[Extracted data entries]
=== Section Start ===
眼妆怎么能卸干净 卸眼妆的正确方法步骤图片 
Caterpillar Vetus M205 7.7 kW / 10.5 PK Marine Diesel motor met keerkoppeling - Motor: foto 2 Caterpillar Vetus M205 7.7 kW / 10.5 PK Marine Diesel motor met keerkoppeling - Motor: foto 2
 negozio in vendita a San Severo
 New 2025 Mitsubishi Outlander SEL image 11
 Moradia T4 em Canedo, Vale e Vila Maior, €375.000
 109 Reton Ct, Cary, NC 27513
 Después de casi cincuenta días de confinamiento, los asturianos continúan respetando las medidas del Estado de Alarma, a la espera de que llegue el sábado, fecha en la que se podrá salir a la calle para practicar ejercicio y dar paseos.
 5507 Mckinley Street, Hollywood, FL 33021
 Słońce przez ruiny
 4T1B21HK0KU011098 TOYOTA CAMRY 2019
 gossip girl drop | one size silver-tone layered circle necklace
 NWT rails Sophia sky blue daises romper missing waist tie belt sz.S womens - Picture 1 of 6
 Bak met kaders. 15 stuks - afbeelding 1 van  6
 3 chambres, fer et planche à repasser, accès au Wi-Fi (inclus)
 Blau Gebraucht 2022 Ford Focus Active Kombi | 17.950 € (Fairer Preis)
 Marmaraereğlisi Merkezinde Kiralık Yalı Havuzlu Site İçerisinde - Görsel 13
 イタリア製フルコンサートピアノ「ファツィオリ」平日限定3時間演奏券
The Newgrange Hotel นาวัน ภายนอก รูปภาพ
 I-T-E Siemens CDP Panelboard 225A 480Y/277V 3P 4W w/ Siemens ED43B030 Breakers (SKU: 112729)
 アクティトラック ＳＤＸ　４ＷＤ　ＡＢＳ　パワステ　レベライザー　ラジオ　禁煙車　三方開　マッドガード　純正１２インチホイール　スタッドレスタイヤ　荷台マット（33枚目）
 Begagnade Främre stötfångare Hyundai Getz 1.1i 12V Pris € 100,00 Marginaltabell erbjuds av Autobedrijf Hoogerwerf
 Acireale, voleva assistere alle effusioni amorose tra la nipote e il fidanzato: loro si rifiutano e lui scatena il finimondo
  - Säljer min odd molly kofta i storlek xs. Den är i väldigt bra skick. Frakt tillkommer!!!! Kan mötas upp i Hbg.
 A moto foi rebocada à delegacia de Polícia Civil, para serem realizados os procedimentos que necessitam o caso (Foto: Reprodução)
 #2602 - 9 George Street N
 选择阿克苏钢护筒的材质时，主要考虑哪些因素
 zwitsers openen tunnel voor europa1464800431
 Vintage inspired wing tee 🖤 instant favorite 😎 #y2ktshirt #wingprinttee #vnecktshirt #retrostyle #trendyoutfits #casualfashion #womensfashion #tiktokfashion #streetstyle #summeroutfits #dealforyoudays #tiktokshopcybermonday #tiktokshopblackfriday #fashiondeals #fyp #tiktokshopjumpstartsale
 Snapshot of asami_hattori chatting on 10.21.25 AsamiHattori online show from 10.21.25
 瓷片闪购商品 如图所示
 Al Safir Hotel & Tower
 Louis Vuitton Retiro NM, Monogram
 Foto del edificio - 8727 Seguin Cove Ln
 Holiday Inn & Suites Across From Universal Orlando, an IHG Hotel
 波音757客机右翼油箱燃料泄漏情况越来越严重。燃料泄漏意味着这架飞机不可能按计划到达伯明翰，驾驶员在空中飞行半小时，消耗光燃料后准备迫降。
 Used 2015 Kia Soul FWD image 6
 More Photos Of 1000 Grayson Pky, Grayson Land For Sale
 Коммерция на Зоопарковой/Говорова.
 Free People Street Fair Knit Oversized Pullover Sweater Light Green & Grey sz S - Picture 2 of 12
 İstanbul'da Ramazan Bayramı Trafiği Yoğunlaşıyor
=== Section End ===
**GOAL OF THE EXERCISE:** Starting at the line that has "Begagnade Främre stötfångare" in the records above, restate word for word every line until the one that has "- Säljer min", and include that one as well.

**TASK SOLUTION:**
 Begagnade Främre stötfångare Hyundai Getz 1.1i 12V Pris € 100,00 Marginaltabell erbjuds av Autobedrijf Hoogerwerf
 Acireale, voleva assistere alle effusioni amorose tra la nipote e il fidanzato: loro si rifiutano e lui scatena il finimondo
  - Säljer min odd molly kofta i storlek xs. Den är i väldigt bra skick. Frakt tillkommer!!!! Kan mötas upp i Hbg.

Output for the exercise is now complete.